Of course, police chiefs should have that discretion. They know their officers. They know some should be suspended with pay and some shouldn’t. Most of the time, they can tell a bogus complaint from a real one. 

Which brings us to the recent demotions of Const. Christopher Labreche and Const. Kathryn Howard.

A married couple, both admitted to defrauding the Greater Sudbury Police Service’s benefit program and both pleaded guilty to discreditable conduct. The amount of the fraud wasn’t terribly high, more than $3,000 but less than $5,000.

They were demoted for three years, publicly embarrassed and have had their salaries slashed (her by more than $6,000 a year, him by more than $20,000 a year).

Had they worked somewhere where the Ontario Police Services Act didn’t dictate the rules of their employment, they likely would’ve been fired. Employers don’t like it when you steal from them.

Chief Paul Pedersen called the charges against Labreche and Howard “disturbing” and they are. They broke our trust, and for many people that broken trust extends to every man and woman in uniform, regardless of whether that’s fair (it isn’t).

But is demoting them sufficient? For many members of the public who commented on the outcome of the case, the answer is clearly “no.” 

When someone steals, we’re supposed to phone the police. When an officer is found to have stolen, is it any wonder the public reacts with vehemence?

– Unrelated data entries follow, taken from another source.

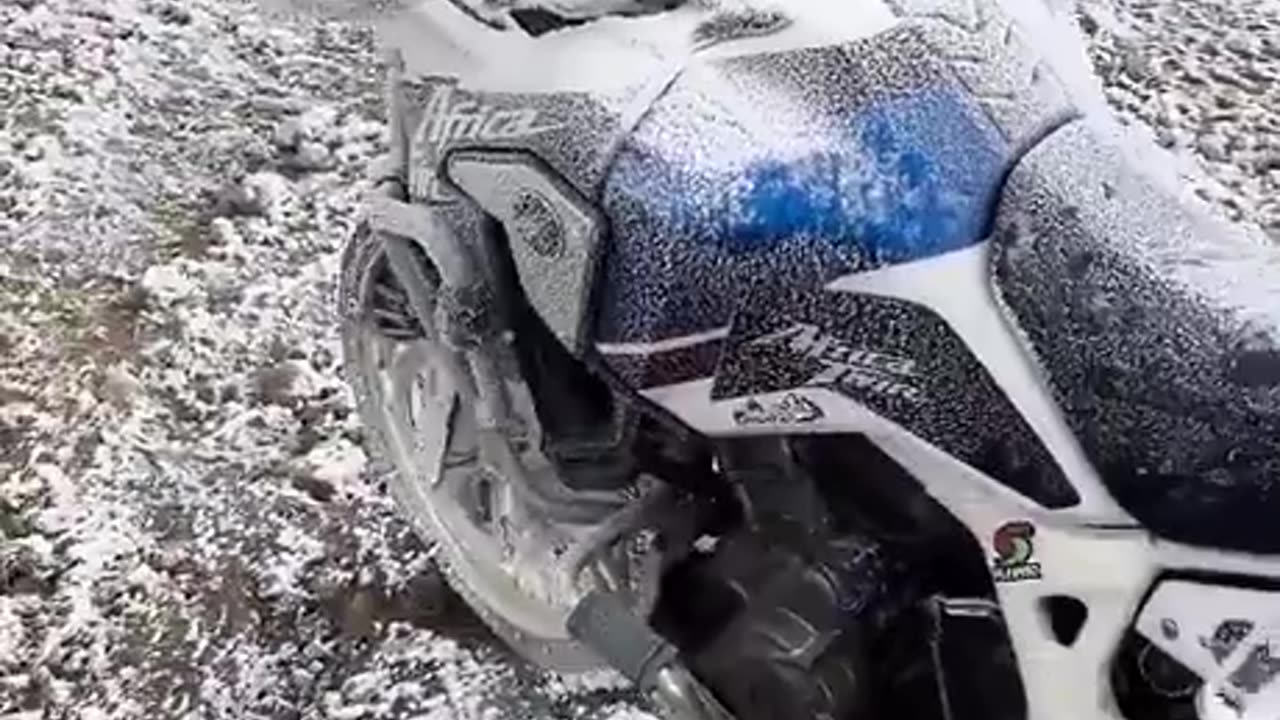 snowbike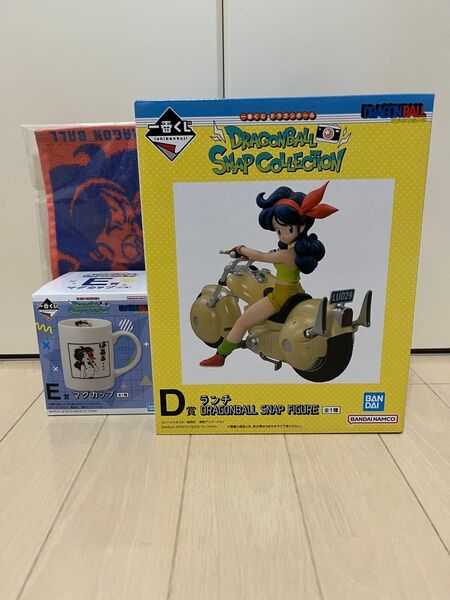 一番くじ ドラゴンボール DRAGONBALL SNAP COLLECTION D賞 ランチ ほか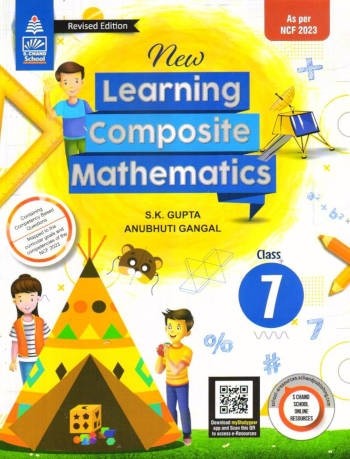 S chand New Learning Composite Mathematics For Class 7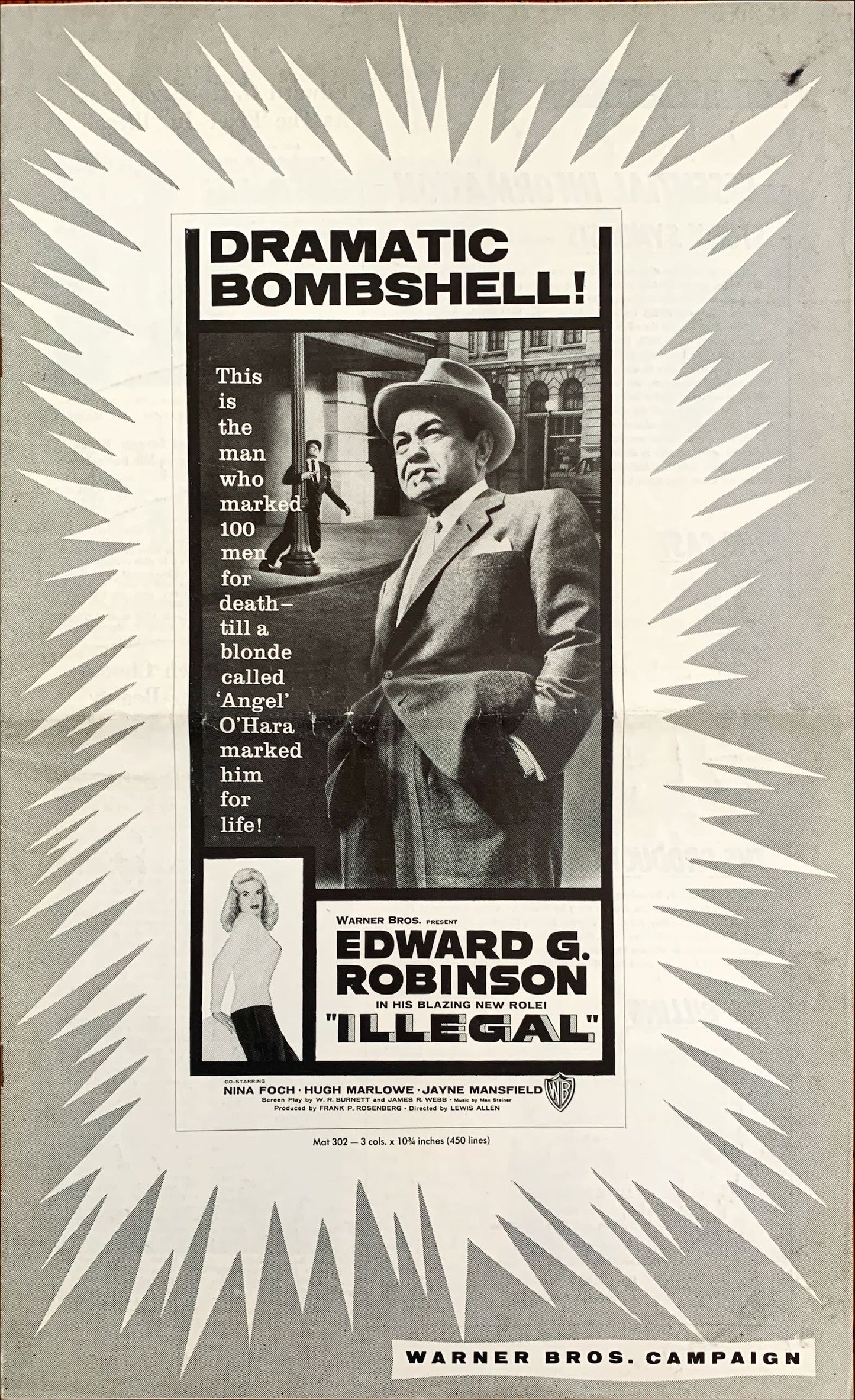 Pressbook Bundle (1950) 27x Pressbooks
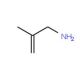 2-Methylallylamine (CAS 2878-14-0) - chemical structure image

And this isn’t the first time Labreche has been the subject of scrutiny. In 2015, video surfaced of him smashing a handcuffed suspect’s face through a police cell window.

He was cleared of any wrongdoing in that incident, but that footage of a hulking, angry cop driving the head of a much smaller, handcuffed man through a window is still very much in the public’s mind.

For him to admit committing fraud a year later, it’s no wonder demotion feels like an unsatisfactory conclusion.

Even if the police service wanted to fire these two constables rather than demote them, it’s notoriously difficult to fire a police officer in Ontario. 

Search for yourself, you’ll find dozens of stories of officers committing much more egregious crimes than defrauding an insurance company who are given chance after chance.

In a Globe and Mail editorial in August, 2015, Alok Mukherjee, the former chair of the Toronto Police Services Board, said dismissal is so difficult he wondered how realistic it was to even try.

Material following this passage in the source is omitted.